Abstract

This study was aimed to compare robotic-assisted implantation of a total knee arthroplasty with conventional manual implantation. We controlled, randomized, and reviewed 72 patients for total knee arthroplasty assigned to undergo either conventional manual implantation (excluding navigation-assisted implantation cases) of a Zimmer LPS prosthesis (Zimmer, Warsaw, Ind) (30 patients: group 1) or robotic-assisted implantation of such a prosthesis (32 patients: group 2).
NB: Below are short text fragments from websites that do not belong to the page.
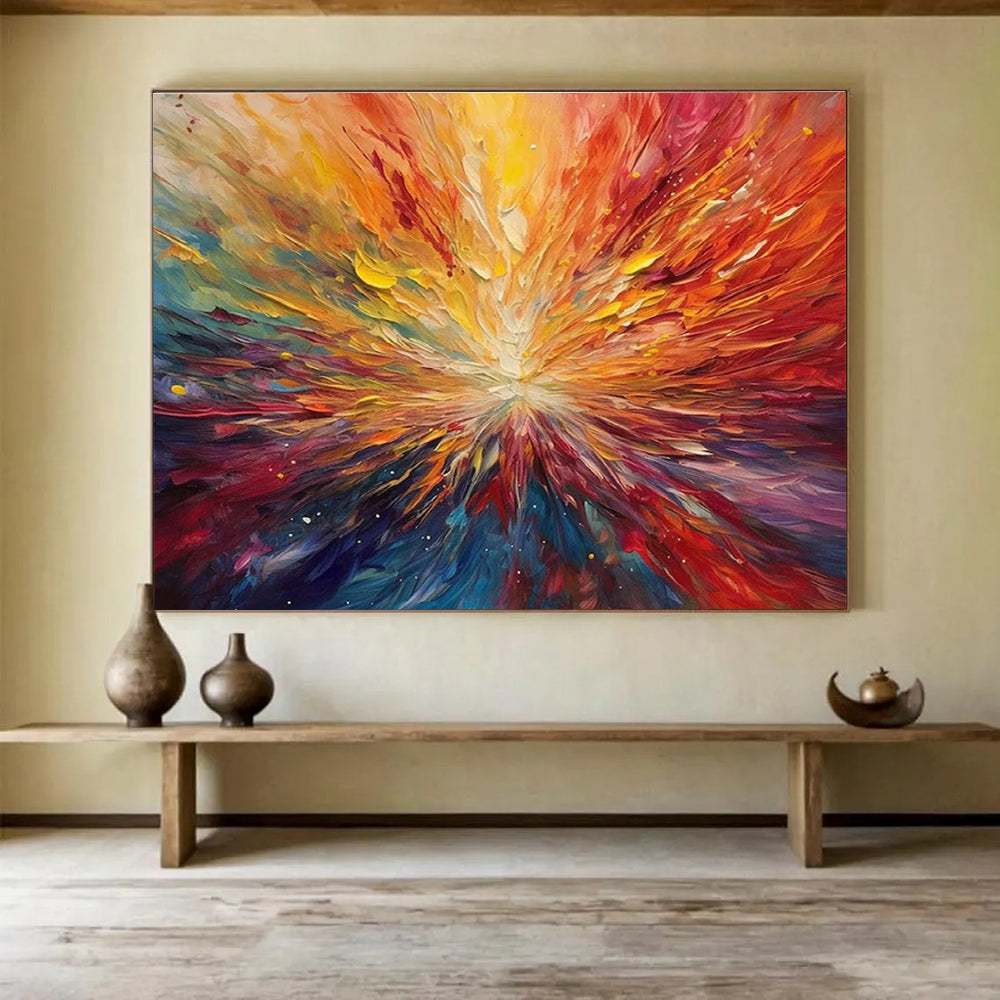 Beach Umbrella Joy Abstract Painting for Coastal Home Escapes YHT301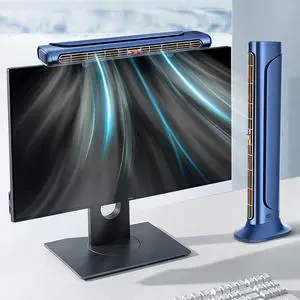 Monitor Clip On Fan, Bladeless Computer Cooling Fan for Office, Ultra Quiet USB Desk Fan Small Tower Fan for Desk, Suitable for Flat and Curved Monitor, Laptop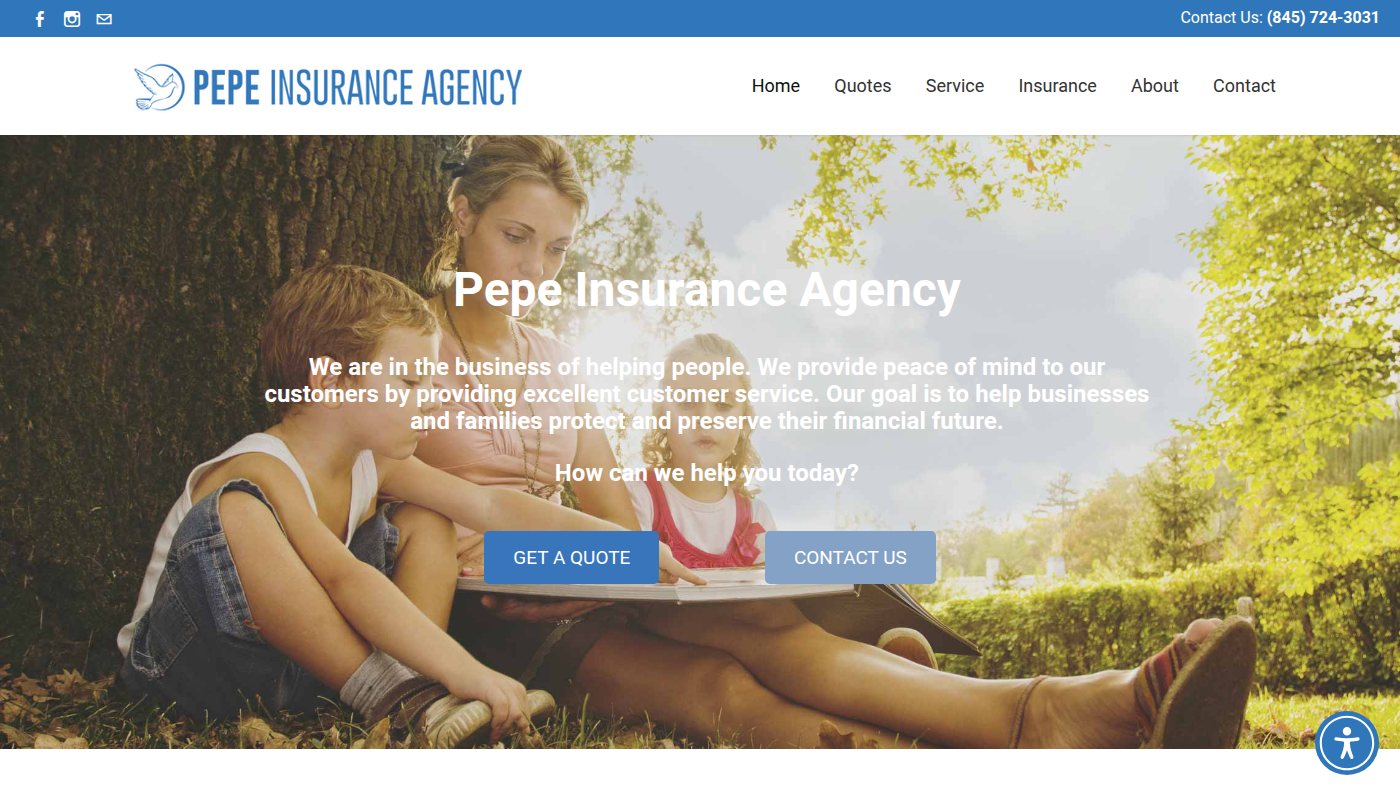 The home page of pepeinsurance.com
The femoral flexion angle ( γ angle) and tibial angle ( δ angle) in the lateral x-ray of group 1 were 4.19 ± 3.28° and 89.7 ± 1.7°, and those of group 2 were 0.17 ± 0.65° and 85.5 ± 0.92°. The major complications were from improper small skin incision during a constraint attempt of minimally invasive surgery and during bulk fixation frame pins insertion. Robotic-assisted technology had definite advantages in terms of preoperative planning, accuracy of the intraoperative procedure, and postoperative follow-up, especially in the femoral flexion angle ( γ angle) and tibial flexion angle ( δ angle) in the lateral x-ray, and in the femoral flexion angle ( α angle) in the anteroposterior x-ray. But a disadvantage was the high complication rate in early stage.